Going into this series I knew that Sean Murphy’s philosophical views would disagree with mine drastically. I picked up the first issue undeterred. I have no problem with a different point of view and the premise of the series intrigued me. The first three issues of this series were nigh flawless, but with issue four some cracks start to show.

Murphy’s own atheist dogma comes to the forefront, which wouldn’t be a problem as he’s stated in interviews this was the point of the series. However it’s done in a rather inartistic manner, coming off as little more than exposition. Chris turns off the filters of his holographic classroom, and is inundated with nothing but the horribleness all religion has caused. Again, if that’s what Murphy believes and this is the story he wants to use to tell it, that’s all fine and dandy, but some subtlety would be nice. Instead those pages are nothing more than an atheist tract. There’s also some exposition regarding the history of the IRA, but that is done with a little more skill.

The other part of the story which was bothersome was a bit of the plot based on coincidence. Chris escapes the J2 program and just happens to stumble on one of his favorite punk bands holding open auditions for a new lead singer. What happened to their old lead singer? He became a fundamentalist Christian and started to believe punk music was evil. The entire sequence is groan inducing.

Aside from those hiccups the fate of Chris’s mom and his eventual escape are interesting. We also continue to follow Thomas and learn more about is past.

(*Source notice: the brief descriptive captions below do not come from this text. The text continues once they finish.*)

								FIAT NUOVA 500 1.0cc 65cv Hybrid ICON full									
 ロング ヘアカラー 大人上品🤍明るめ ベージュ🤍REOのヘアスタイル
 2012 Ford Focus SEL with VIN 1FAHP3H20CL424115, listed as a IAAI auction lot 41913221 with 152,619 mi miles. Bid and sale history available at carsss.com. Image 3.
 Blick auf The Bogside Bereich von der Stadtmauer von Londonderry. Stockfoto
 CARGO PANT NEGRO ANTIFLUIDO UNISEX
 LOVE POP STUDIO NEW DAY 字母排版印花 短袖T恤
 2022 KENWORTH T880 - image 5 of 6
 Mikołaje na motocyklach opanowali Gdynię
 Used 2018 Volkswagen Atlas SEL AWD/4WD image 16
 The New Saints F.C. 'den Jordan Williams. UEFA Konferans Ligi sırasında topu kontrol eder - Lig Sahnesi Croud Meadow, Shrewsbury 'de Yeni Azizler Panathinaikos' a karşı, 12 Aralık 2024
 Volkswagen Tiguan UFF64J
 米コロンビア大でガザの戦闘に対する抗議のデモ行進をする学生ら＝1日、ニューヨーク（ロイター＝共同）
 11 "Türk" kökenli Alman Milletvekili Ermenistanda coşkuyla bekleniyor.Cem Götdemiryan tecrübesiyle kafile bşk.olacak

Murphy’s art remains incredible and one the absolute highlights of this series. Stylistic and dynamic, he’s able to cram a ton of detail into each panel without sacrificing storytelling or clarity. The clerk at my LCS stated he hopes the series is one day collected in a colored edition. I actually, do not. The starkness of the black and white not only enhances Murphy’s, but also enhances the gritty violent nature of his story.

Story: 2 - Average
Art: 5 - Excellent


  1. hmm… I think the script is pretty solid… it’s a good script with incredibly art… and the concept behind the story itself is highly interesting and fresh…

    I think that – if you cannot have it that people describe religions as Murphy does it – you should stay away from it… and just because you do not like the “views” it’s not makeing the story bad.. I mean, the bible is a well written story… and I agree with almost nothing in it… but the writing itself is solid… so…

    it’S a difference if the material itself is nothing for you or if the writing just sucks… like a superhero book.. if you’re not into it, well you’d even have troubles with Snyder, Morrisson and so on…

    And I personally can’t help but think, that Punk Rock Jesus isn’t even to much exagerrating the whole thing…

    • I agree with you. I picked up number 1 thinking I would hate it and be offended however I have instead become impressed with the concept and even the tact with which Murphy handles the subject. Plus think isn’t this a possible outcome if someone tried to clone Jesus in our world today?

    • I think the writer makes it pretty clear that it isn’t the theory itself which he finds offensive, but the way it is presented. I would allign myself with Murphy philosophically, but I too thought that the education sections were clunky. The examples chosen were fairly obvious and clichéd. What started as a nuanced and complicated examination of religion quickly turned polemical, and obviously so. I think, though, that this is a matter of space. This just isn’t a 6-issue mini. The first two issues have a nice, dense plotting, but then the last two have had to fly forward. At 12 issues, that education section could have been spread out and it wouldn’t have felt so one-dimensional. Still, as the original reviewer stated, this isn’t enough to overshadow the series. It still rules.